“Imagine my surprise, I found out the founder’s Jewish”: Florence Schechter speaks on the crossover between antisemitism and LGBTQ+ phobia
Florence Schechter, a comedian and presenter who is also the founding Director of the Vagina Museum, appeared on the most recent episode of Podcast Against Antisemitism where, speaking from first-hand experience, she provided an insight into the crossover between antisemitism and LGBTQ+ phobia.
“The Museum shared a post which was about International Women’s Day, and we were talking about some trans women from history,” Ms Schechter said, “and somebody replied to that post saying ‘Imagine my surprise, I found out the founder’s Jewish’, and there was this weird, like, ‘Look at the Jews, trying to destroy society.’”

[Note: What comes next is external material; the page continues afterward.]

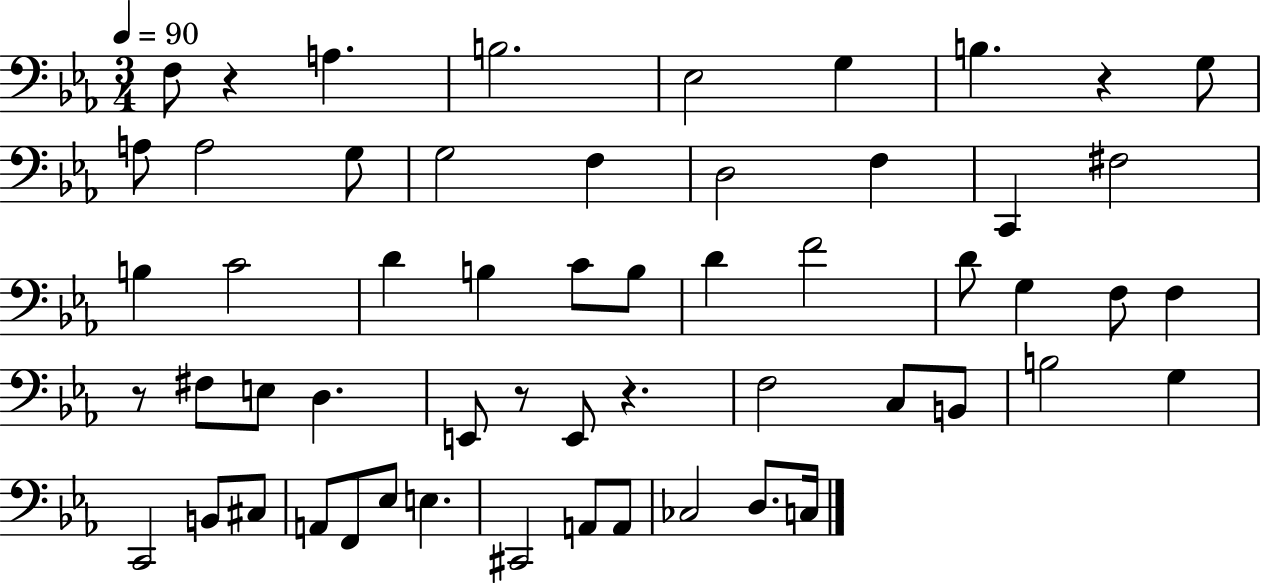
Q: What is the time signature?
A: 3/4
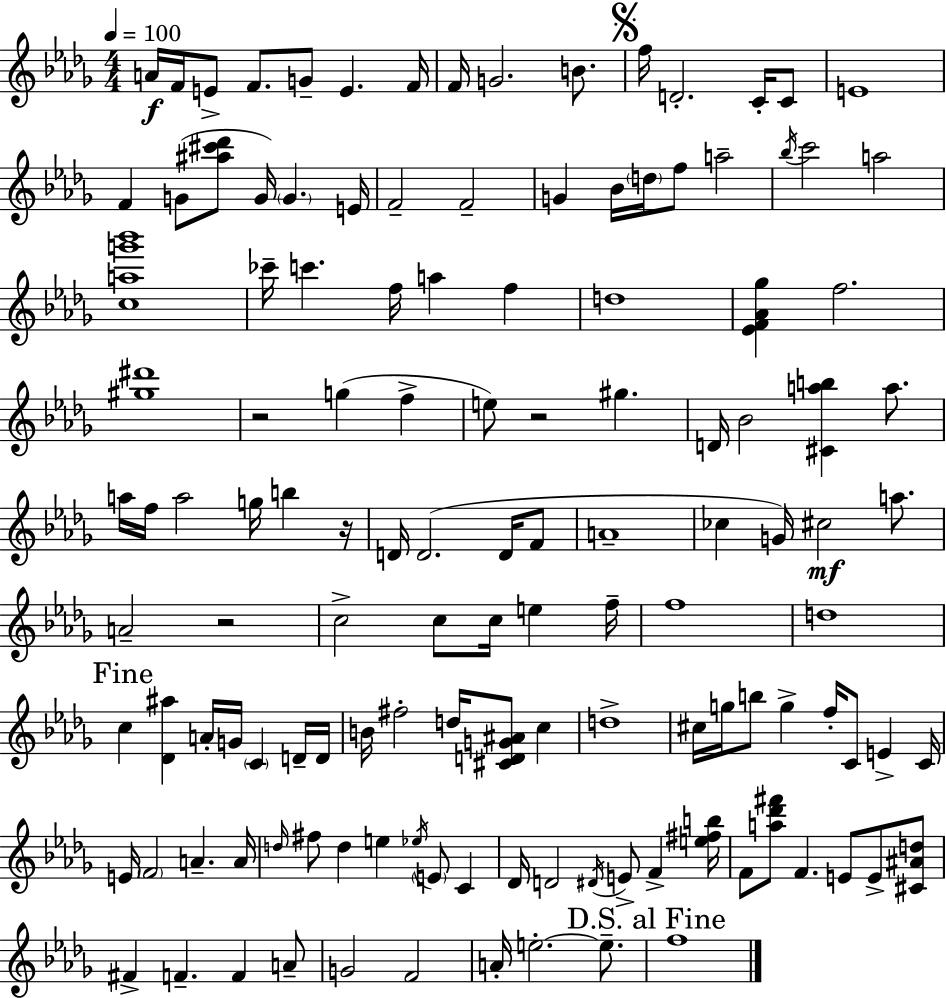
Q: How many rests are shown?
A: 4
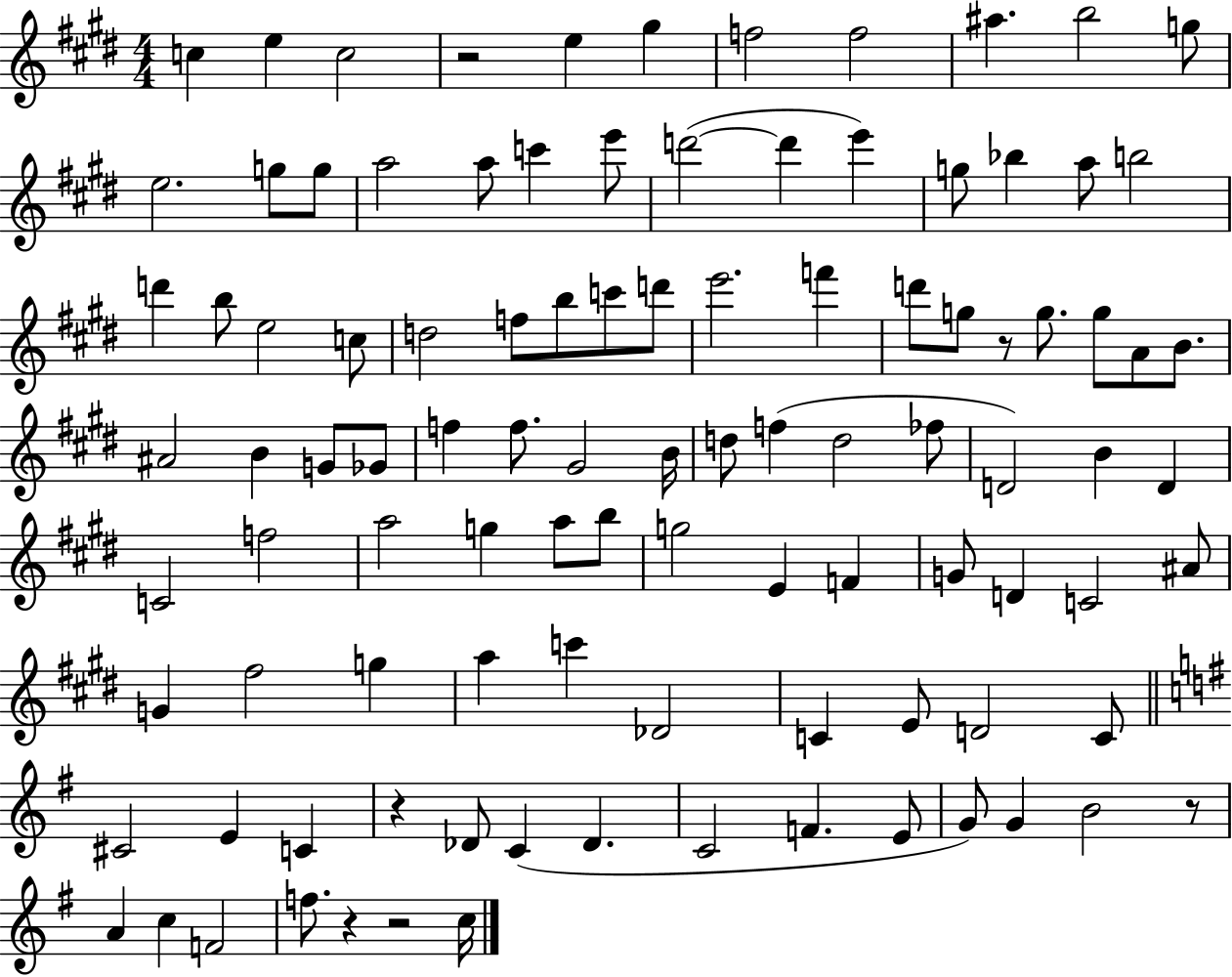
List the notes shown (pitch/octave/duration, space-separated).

Agreeing with an assertion made by Pink News’ CEO Benjamin Cohen, who appeared on Podcast Against Antisemitism in February, that antisemites also tend to be homophobic, racist, misogynistic and transphobic, Ms Schechter explained: “What’s really interesting is there’s a current narrative at the moment that in particular, trans people, but the LGBT community in general, are trying to control society and influence it, and I saw a tweet recently where somebody was like, ‘Isn’t it weird that this tiny minority of trans people have infiltrated all our big organisations and are changing the rules in their favour, isn’t that weird?’ And I was like, oh, that’s just an antisemitic argument wrapped up against trans people instead.
“And because there’s this exact style of argument happening, I think there’s a lot of people who have the overlap of ‘Whose the person with the strings? It’s the Jews and it’s the queers.’”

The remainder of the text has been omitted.